Below this line are records; transcribe exactly the lines between the one holding "Pack 4 Sillas Tulip Eames Dsw MENTA-2" and the one holding "UXCELL Front Sway", inclusive, and omit the pictures.

Records to use:
|---|

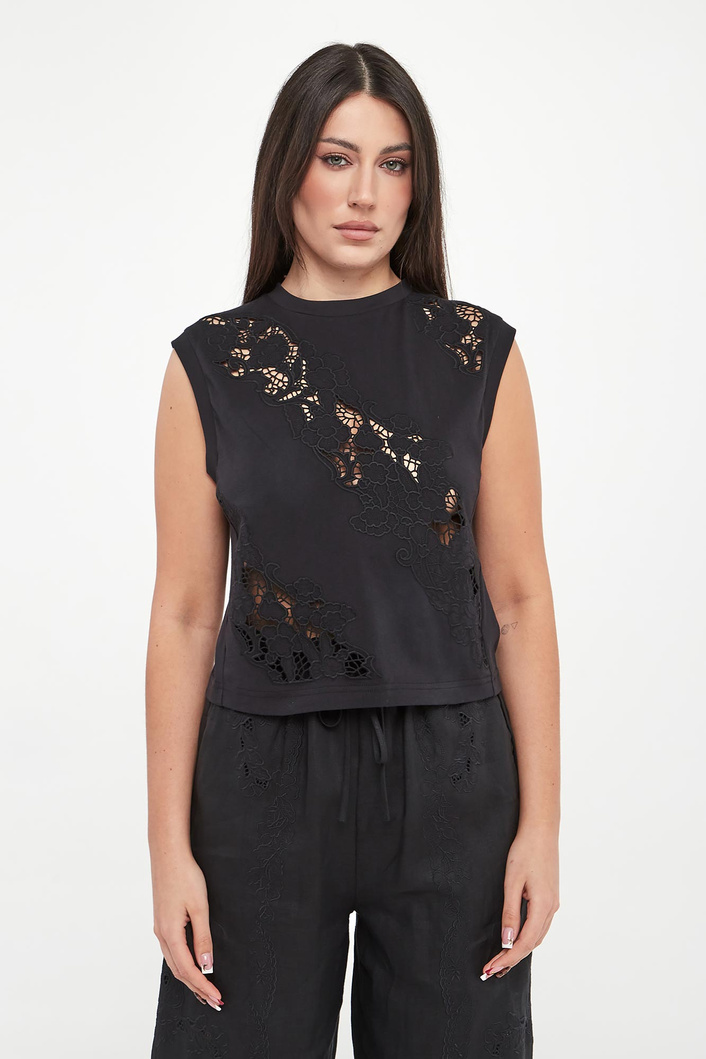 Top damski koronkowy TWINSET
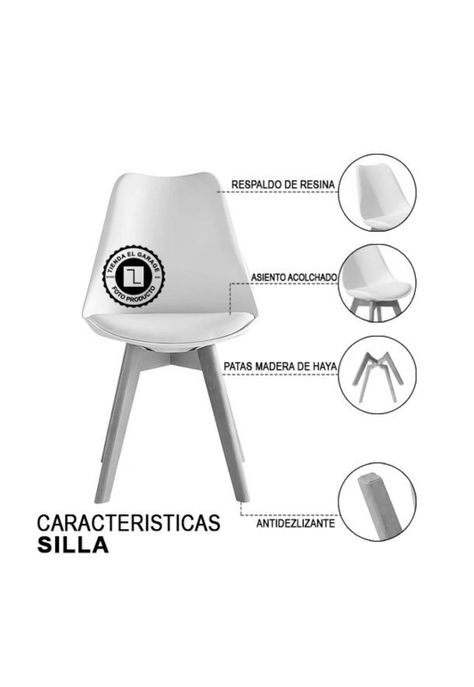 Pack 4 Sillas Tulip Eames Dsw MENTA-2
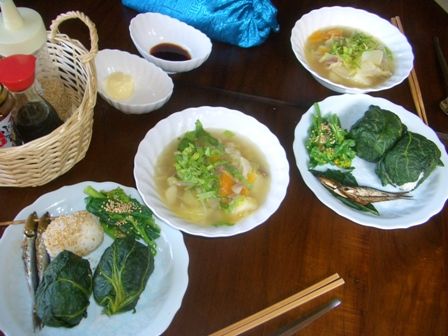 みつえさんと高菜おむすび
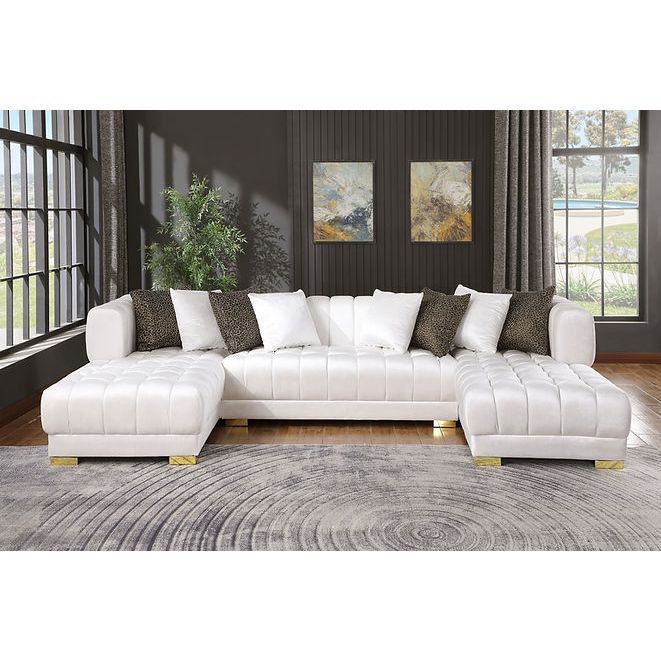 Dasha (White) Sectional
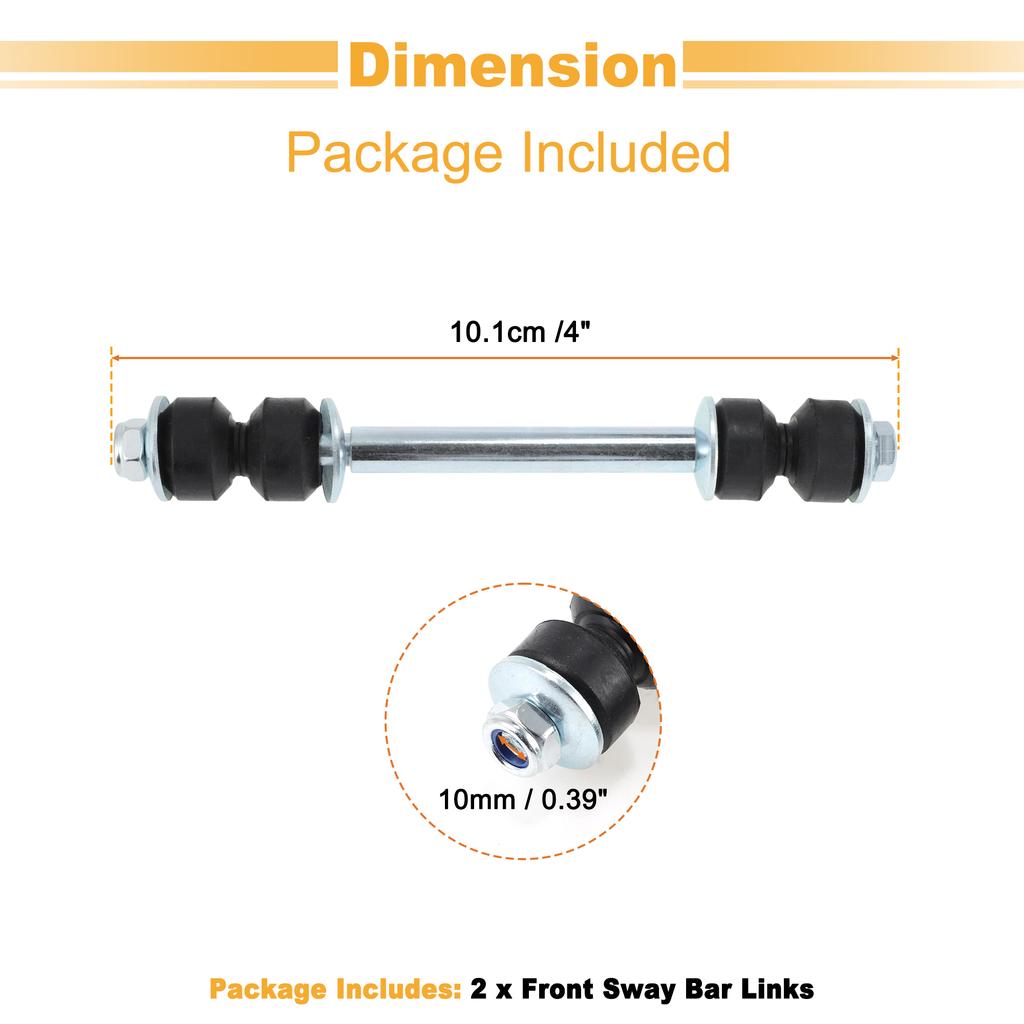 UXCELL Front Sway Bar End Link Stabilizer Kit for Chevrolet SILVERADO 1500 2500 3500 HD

|---|

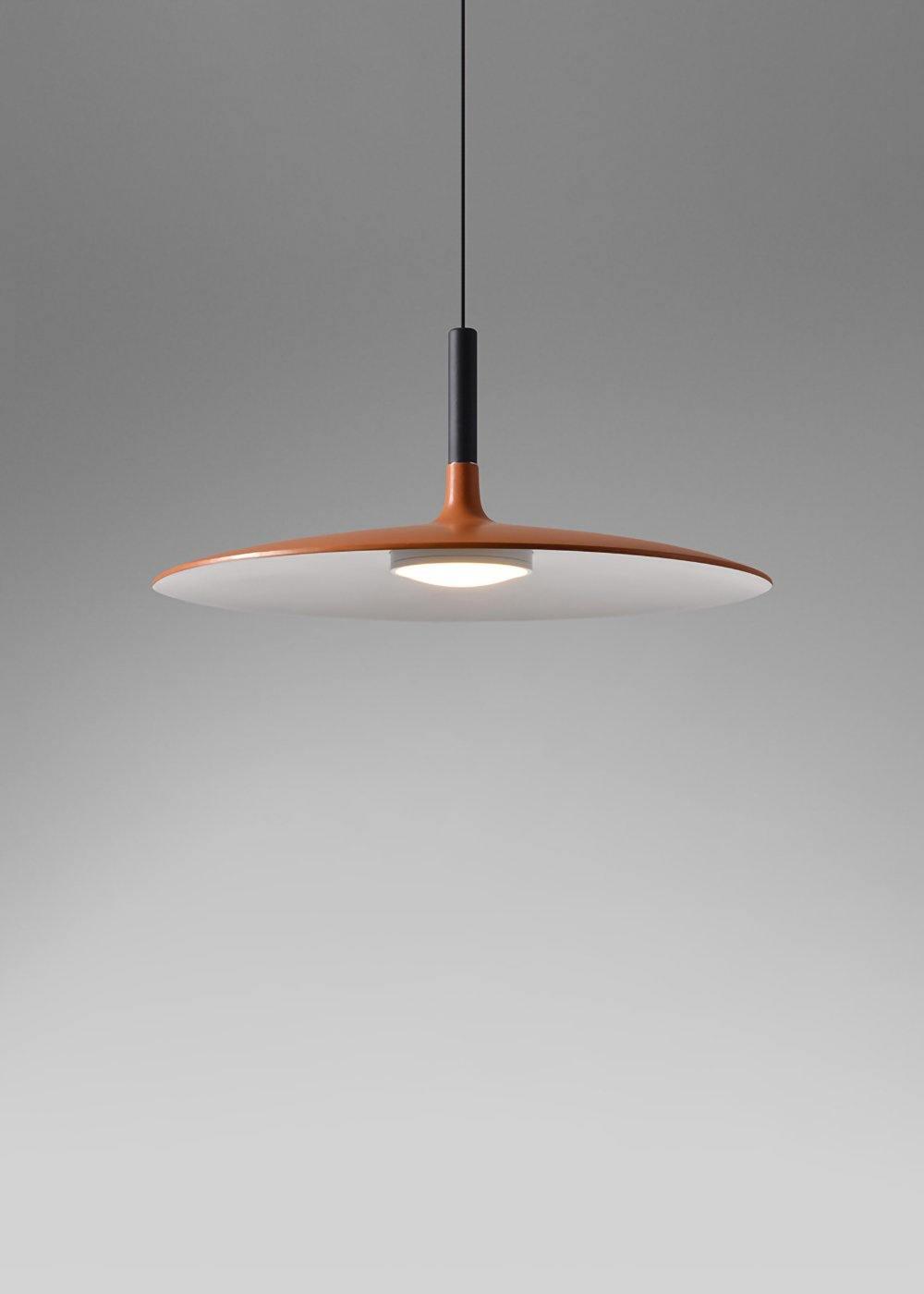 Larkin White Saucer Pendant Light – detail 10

|---|

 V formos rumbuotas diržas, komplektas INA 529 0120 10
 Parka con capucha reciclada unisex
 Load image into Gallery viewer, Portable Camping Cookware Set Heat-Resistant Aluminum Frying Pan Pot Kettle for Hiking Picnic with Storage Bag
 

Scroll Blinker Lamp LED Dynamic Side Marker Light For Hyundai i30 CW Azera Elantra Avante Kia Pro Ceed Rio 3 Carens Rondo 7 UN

|---|

Result:
 Pack 4 Sillas Tulip Eames Dsw MENTA-2
 みつえさんと高菜おむすび
 Dasha (White) Sectional
 UXCELL Front Sway Bar End Link Stabilizer Kit for Chevrolet SILVERADO 1500 2500 3500 HD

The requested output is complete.